Chief Information Security Officer
Security Architect
Information Security Manager
Cloud Security Engineer
Data Privacy Officer
Security Engineer
Application Security Engineer
Identity & Access Management Engineer
Security Consultant
Penetration Tester
Malware Analyst
Threat Intelligence Analyst
Forensic Analyst
Incident Response Analyst
GRC Analyst
Cybersecurity Analyst
Vulnerability Analyst
Compliance Analyst
SOC Analyst
Build Your Security Operations Center Analyst Resume
Create an ATS-optimized resume tailored for security operations center analyst roles. Paste a job description and get a polished resume in seconds.
See Security Operations Center Analyst Resume Example
View a complete security operations center analyst resume with professional summary, experience bullets, skills, and certifications.
Security Operations Center Analyst Interview Questions
Practice the behavioral, technical, and situational questions hiring managers actually ask for security operations center analyst roles.
Explore the Career Path
See how security operations center analyst roles typically start, which skills matter first, and what the next steps usually look like.
Related Salary Guides
Frequently Asked Questions
What is a realistic salary range for a Security Operations Center Analyst?
A realistic 2026 range for security operations center analyst roles is $65,000 to $100,000, with a midpoint around $82,500. Actual offers depend on seniority, location, and how directly your background matches the job's core requirements.
What tends to push security operations center analyst salaries higher?
Security Operations Center Analyst candidates usually move toward the top of the range when they can show strong results with SIEM (Splunk, Sentinel), EDR (CrowdStrike Falcon, Carbon Black), SOAR (Phantom, XSOAR), Threat Intelligence (MITRE ATT&CK), ownership of higher-impact work, and evidence that they can operate at entry-mid level scope or above.
Do certifications matter for security operations center analyst pay?
They can.
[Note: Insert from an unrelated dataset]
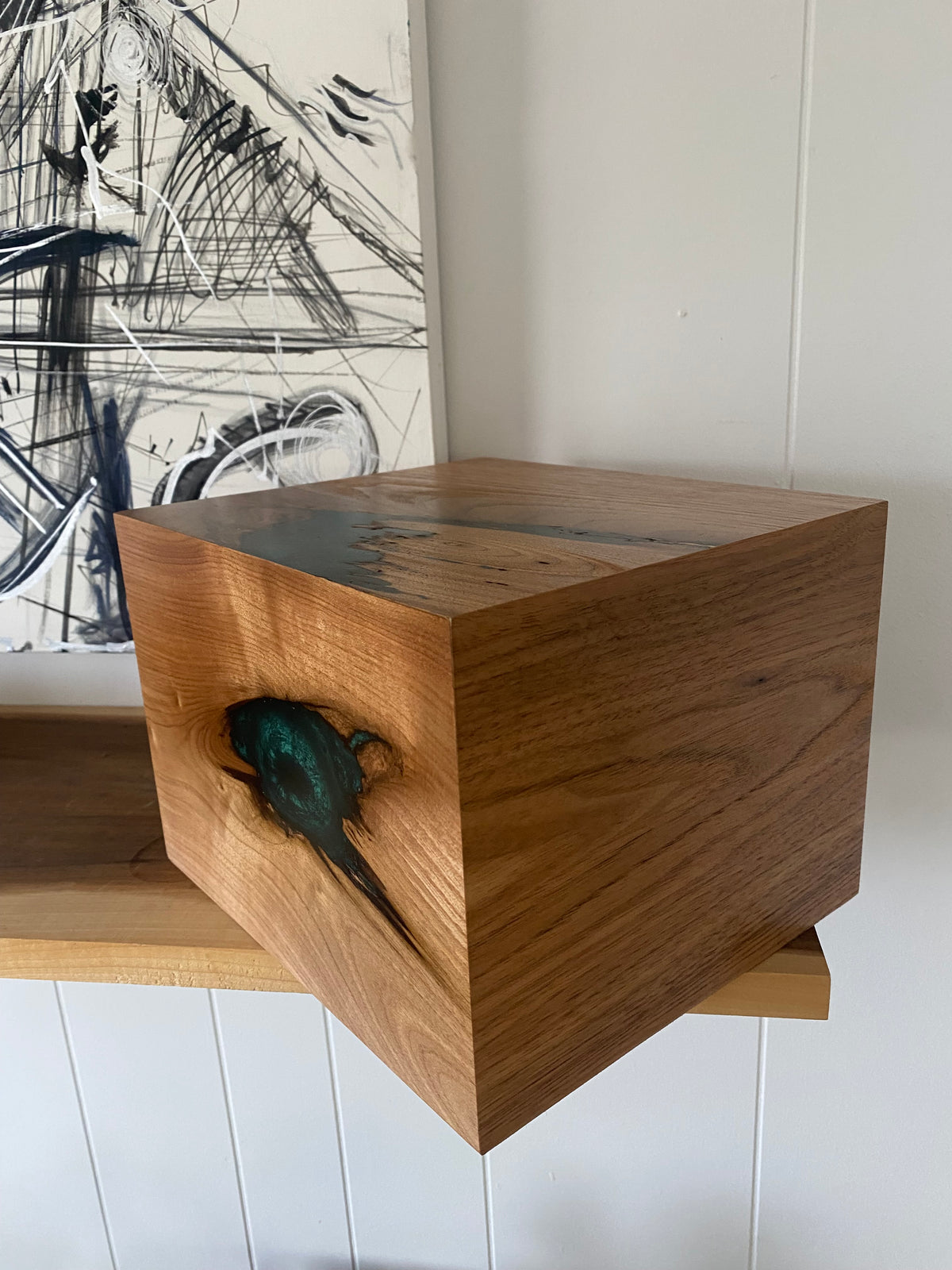 Minimalist Cremation Urn-Butternut, green epoxy for Adult Human Ashes, up to 300 pounds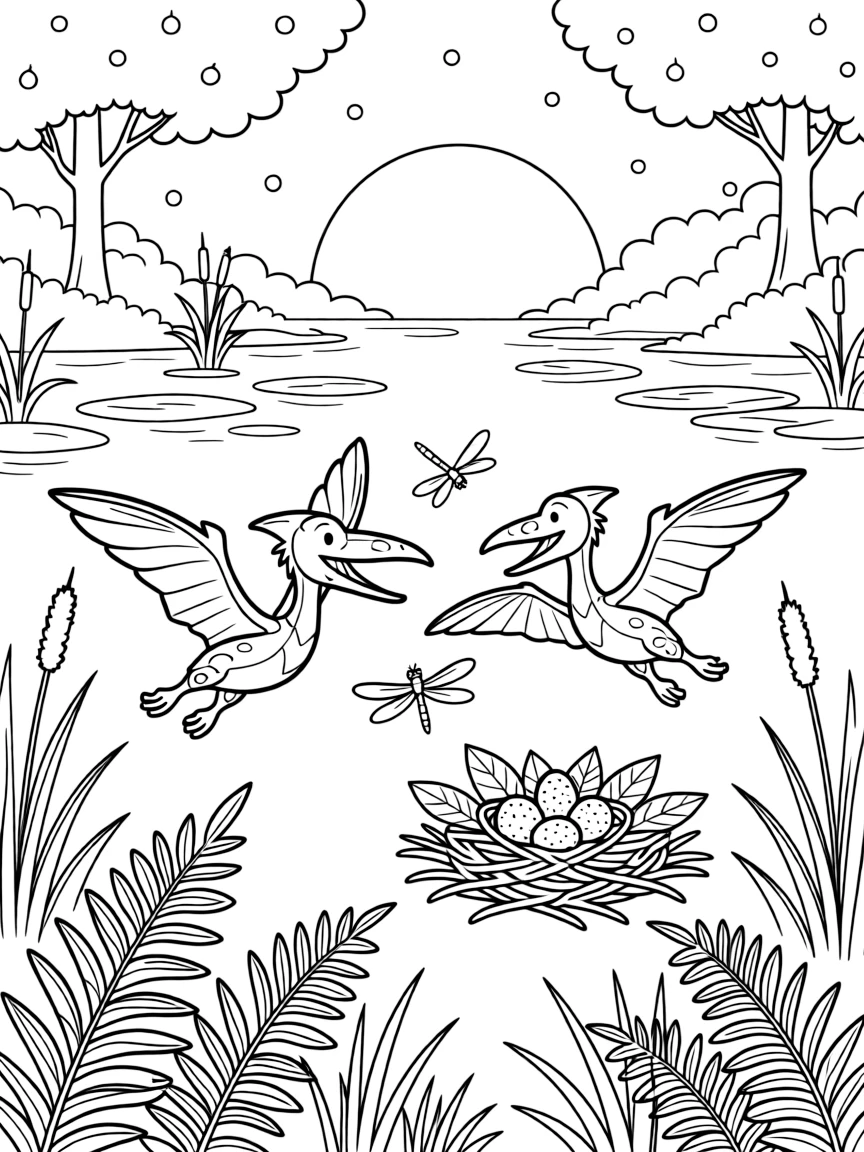 [Dinosaurs] a pair of playful pterodactyls chasing dragonflies near a swamp in a misty prehistoric swamp, letting out a triumphant roar. Nearby, a nest of speckled eggs sits tucked in the brush. Patches of tall grass and ferns fill the foreground. The scene is captured at sunset, with snow gently falling, giving the page a lively and adventurous feel that invites plenty of colorful detail.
Certifications such as CompTIA Security+, CompTIA CySA+ are not a substitute for experience, but they can improve trust and help justify stronger compensation when the role values formal standards or specialized knowledge.
How should I use this salary guide in a job search?
Use the range here to benchmark the roles you target, then compare the posting's required skills, scope, and certifications against your own background. If your resume does not clearly show those signals, fix that before negotiating compensation.